In tonight’s email, news and notes from One World Trade, where the Condé Nast union’s forever war with C.E.O. Roger Lynch and Grande Dame Anna Wintour has—once again—gone nuclear. The whole drama is indicative of just how sad things have become at the once-illustrious publishing giant, and also raises a question: Is Roger just receiving bad advice, or is he ignoring the advice altogether?
But first….
⚖️ Harry and Hugh vs. Rupert and Will: Prince Harry, Hugh Grant, and the other public figures leading a years-long effort to sue Rupert Murdoch’s News Group over the phone-hacking scandal amended their lawsuit this week to name Murdoch and other former executives in the suit. Among those named is Will Lewis, the Washington Post publisher and C.E.O. who, in a previous life, had been tasked by Murdoch to mop up the scandal. Lewis told me he would not comment on the matter, maintaining his posture since day one. Ditto a rep for Rupert. To be fair, it’s hard to see what advantage either one would gain from engaging here—though both men may now be forced to, if and when the case goes to trial in January of next year.
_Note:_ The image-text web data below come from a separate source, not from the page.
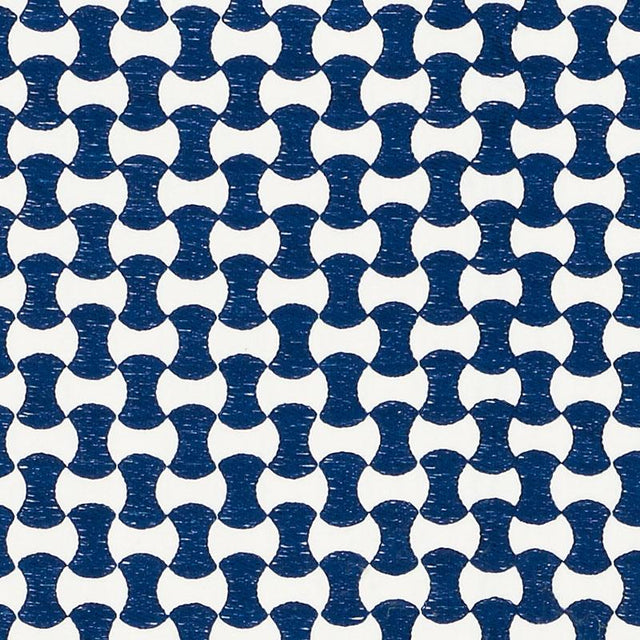 Schumacher Nolita Embroidery Navy Fabric
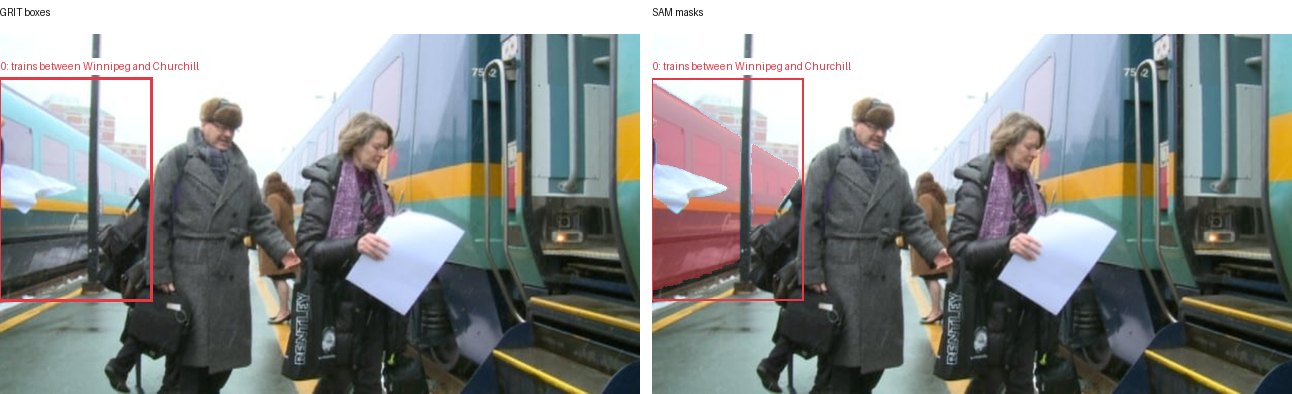 GRIT boxes and SAM masks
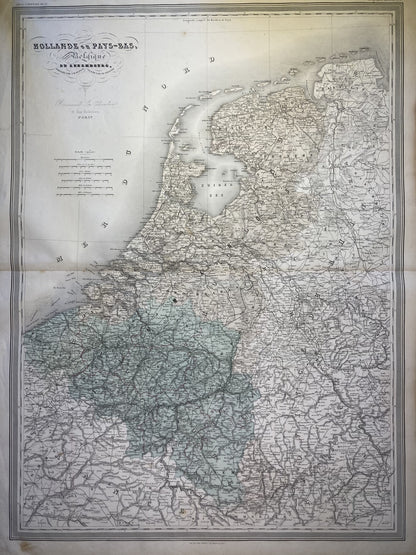 Carte ancienne des Pays-Bas et de la Belgique par A.H. Dufour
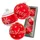 Krebs Glas Lauscha Christbaumkugeln Weihnachtskugeln Glas Ø 8 cm 3 Stück rot matt/weiß
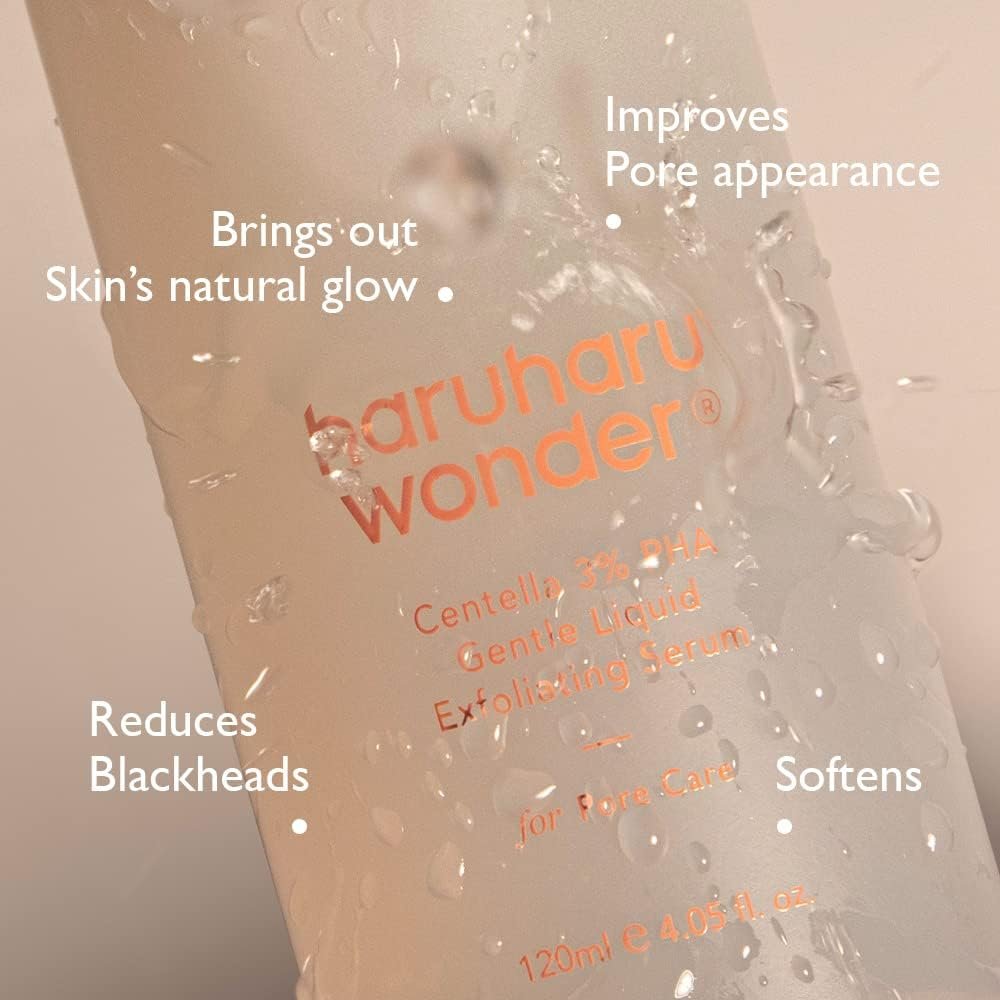 Haruharu Wonder Centella 3% PHA Gentle Liquid Exfoliating Serum – 4.06 fl oz – Mild Exfoliator for Sensitive Skin, Vegan & Cruelty-Free Korean Skincare - görsel 7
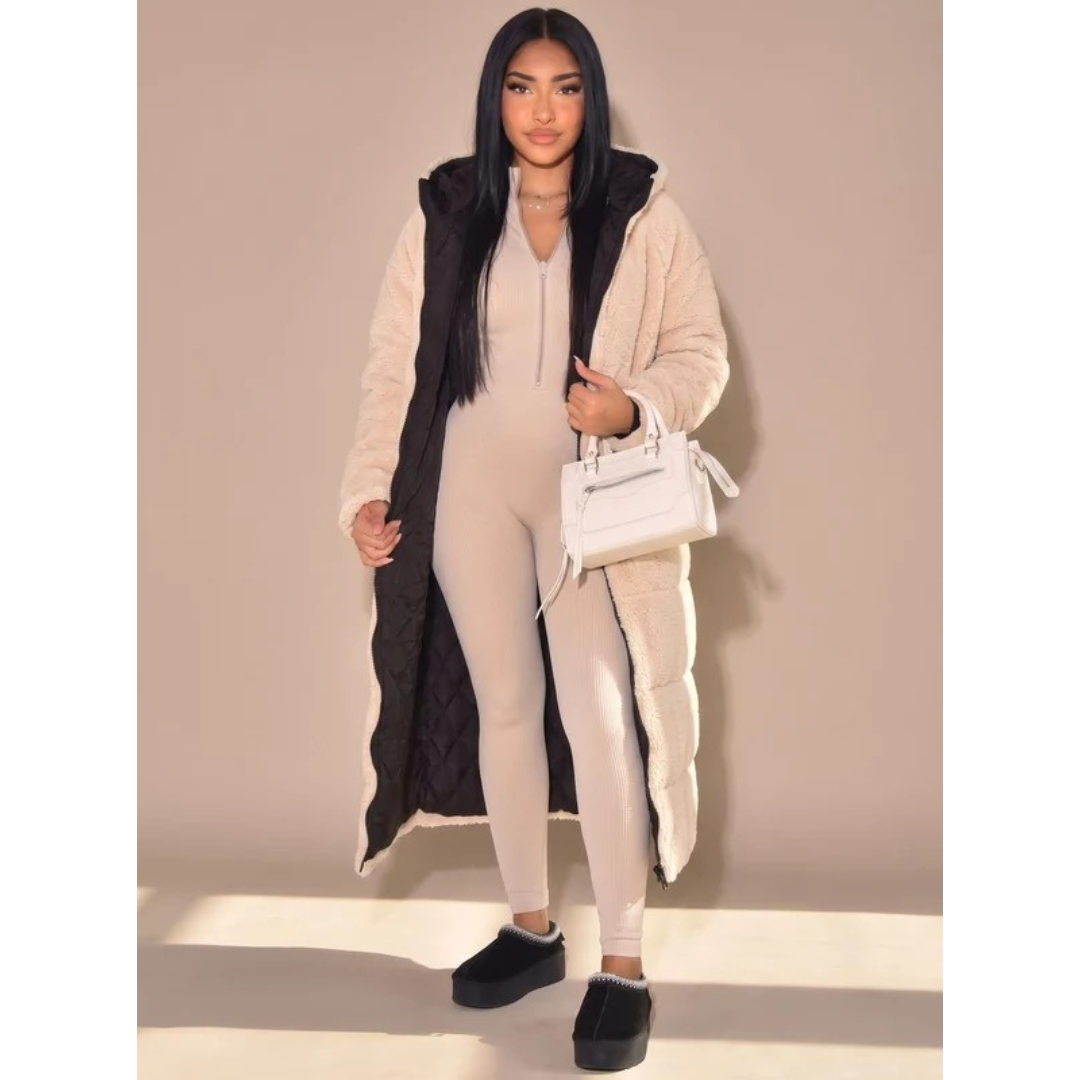 Eileen | Damen Puffer Winterjacke mit Wende Design und Wärme
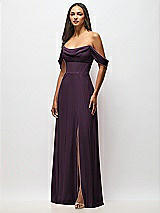 Alt View 4 Thumbnail - Aubergine Chiffon Corset Maxi Dress with Removable Off-the-Shoulder Swags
☄️ A P.R. firm for the Elon age: Lulu Meservey, the former Activision Blizzard P.R. chief, has launched her own communications firm with a fiery manifesto that plays right to the hearts and minds of the anti-media Silicon Valley set (you know, the Elon and Peter Thiel types and the All In crowd, who just detest the press). In essence, according to Lulu: The media is irrelevant, “traditional P.R. is dead,” and tech founders must passionately tell their own stories on social. It’s all quite dramatic and, as one P.R. veteran noted, “very Lulu.” It also feels pitch-perfect for the moment. (Elon liked it.) Just one thing I’m hung up on: In the very same breath in which she announced this new firm, Meservey also told Axios that it would not be taking on any new clients. Okay, then…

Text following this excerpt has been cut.